I personally think that anything to do with moving should be on the right as that's where the throttle is on EVERYTHING, motorcycle, atv, car, truck, jetski...... And also on bikes I want my front brake on the right just like all my motorcycles have it, I've had to switch them around because for some reason pedal bikes seem to have the front brake on the left and rear on the right.


----------



## Clutch Cargo

notabiker said:


> I personally think that anything to do with moving should be on the right as that's where the throttle is on EVERYTHING, motorcycle, atv, car, truck, jetski...... And also on bikes I want my front brake on the right just like all my motorcycles have it, I've had to switch them around because for some reason pedal bikes seem to have the front brake on the left and rear on the right.


Agreed, it should be standardized and as I said was something I never considered.


----------



## penna stogey

Snow patrol status??? Nothing yet to report in our area, the only thing white here in the Burg is my lived in tenant...
I call this little guy...The Ghost!!


----------



## uberT

We're due for big rain early next week with temps to 55F and higher. That'll be the end of the snow for the near-term


----------



## Oneacer

Same here in CT …. give me time to wax the collection …


----------



## chargin

Nice little 3" - 4" storm today.

Nice and light, no blower needed.


----------



## Miles

Less than 1/2 inch/1.25 cm here in Maryland and it never stuck to the road.


----------



## Doublenn

*Pretty wild forecast next 2 week*

Precip is predicted from 125 to 350mm, and temps looking pretty reliable below freezing. If it turns out on the high end of that forecast then I'm facing 138" in just over 2 weeks... Or I get "lucky" with just a mild 50" dusting.
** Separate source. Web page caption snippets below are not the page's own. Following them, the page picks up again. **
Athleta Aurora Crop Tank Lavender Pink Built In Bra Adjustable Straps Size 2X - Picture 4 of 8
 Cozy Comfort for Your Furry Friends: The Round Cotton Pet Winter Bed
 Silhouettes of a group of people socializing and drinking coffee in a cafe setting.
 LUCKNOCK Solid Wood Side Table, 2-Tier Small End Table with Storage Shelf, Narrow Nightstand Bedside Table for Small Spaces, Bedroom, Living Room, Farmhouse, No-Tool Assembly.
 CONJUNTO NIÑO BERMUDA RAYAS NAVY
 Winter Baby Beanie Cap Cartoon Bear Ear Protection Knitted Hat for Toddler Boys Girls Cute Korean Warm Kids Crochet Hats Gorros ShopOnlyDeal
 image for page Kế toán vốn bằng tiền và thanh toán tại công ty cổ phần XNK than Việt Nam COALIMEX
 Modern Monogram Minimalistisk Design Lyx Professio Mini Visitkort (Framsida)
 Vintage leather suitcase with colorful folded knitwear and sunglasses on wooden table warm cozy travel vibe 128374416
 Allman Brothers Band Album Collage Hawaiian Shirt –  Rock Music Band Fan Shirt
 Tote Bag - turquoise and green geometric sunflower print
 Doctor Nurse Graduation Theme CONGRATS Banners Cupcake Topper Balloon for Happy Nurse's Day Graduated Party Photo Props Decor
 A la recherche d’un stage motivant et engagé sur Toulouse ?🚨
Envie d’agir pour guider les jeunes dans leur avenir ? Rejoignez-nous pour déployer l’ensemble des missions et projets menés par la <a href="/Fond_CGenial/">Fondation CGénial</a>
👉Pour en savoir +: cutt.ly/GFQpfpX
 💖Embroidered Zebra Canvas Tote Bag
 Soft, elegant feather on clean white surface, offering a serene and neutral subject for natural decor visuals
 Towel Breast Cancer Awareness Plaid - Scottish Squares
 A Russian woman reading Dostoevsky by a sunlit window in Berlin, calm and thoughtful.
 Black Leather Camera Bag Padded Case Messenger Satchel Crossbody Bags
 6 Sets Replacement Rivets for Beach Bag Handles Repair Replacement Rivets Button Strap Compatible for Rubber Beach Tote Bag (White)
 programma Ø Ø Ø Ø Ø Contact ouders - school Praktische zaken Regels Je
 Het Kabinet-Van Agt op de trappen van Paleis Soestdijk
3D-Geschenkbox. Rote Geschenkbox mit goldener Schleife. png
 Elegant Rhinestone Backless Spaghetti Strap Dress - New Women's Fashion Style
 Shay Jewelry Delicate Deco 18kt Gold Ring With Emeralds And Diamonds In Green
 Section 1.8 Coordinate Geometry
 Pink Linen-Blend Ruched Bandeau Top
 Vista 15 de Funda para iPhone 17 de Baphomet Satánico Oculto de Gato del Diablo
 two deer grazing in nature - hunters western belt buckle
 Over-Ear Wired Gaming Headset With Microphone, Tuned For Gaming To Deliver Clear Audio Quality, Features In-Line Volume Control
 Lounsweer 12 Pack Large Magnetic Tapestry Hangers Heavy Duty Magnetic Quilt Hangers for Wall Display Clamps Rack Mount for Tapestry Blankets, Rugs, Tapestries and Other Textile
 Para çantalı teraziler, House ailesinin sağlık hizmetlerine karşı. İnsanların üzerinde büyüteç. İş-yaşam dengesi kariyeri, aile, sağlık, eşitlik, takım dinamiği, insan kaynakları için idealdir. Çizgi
I'll let you all know how it turns out. 

https://spotwx.com/products/grib_in...=54.49435&lon=-128.96667&tz=America/Vancouver


----------



## tdipaul

.

Got excited for a sec and checked the forecast in my area. Nothing coming. 

Can you add your location to your profile? 

Province or state at the least. 

.


----------



## leonz

I tried to use your link but it did not work


----------



## Doublenn

Well looks like I screwed up the link by typing my message in the middle of it. I'll try again here:

https://spotwx.com/products/grib_in...=54.49435&lon=-128.96667&tz=America/Vancouver


----------



## Doublenn

I'm in Terrace BC, Pacific Northwest coastal near the Alaska Panhandle. **** of a lot of snow up here, the general area holds multiple Canadian records.


----------



## MSP Paul

I’m not sure how I’d have enough time to keep up with that much accumulation! Good luck, I’m curious as to how accurate the forecast is


----------



## 2.137269

tdipaul said:


> .
> 
> Got excited for a sec and checked the forecast in my area. Nothing coming.
> 
> Can you add your location to your profile?
> 
> Province or state at the least.
> 
> .


always a diff between you and sussex countys higher elevations

"'A wintry mix of snow, sleet, and ice is expected Monday and Tuesday
and may result in significant travel impacts, especially for the
Monday evening and Tuesday morning commutes.""


----------



## 2.137269

Doublenn said:


> I'm in Terrace BC, Pacific Northwest coastal near the Alaska Panhandle. **** of a lot of snow up here, the general area holds multiple Canadian records.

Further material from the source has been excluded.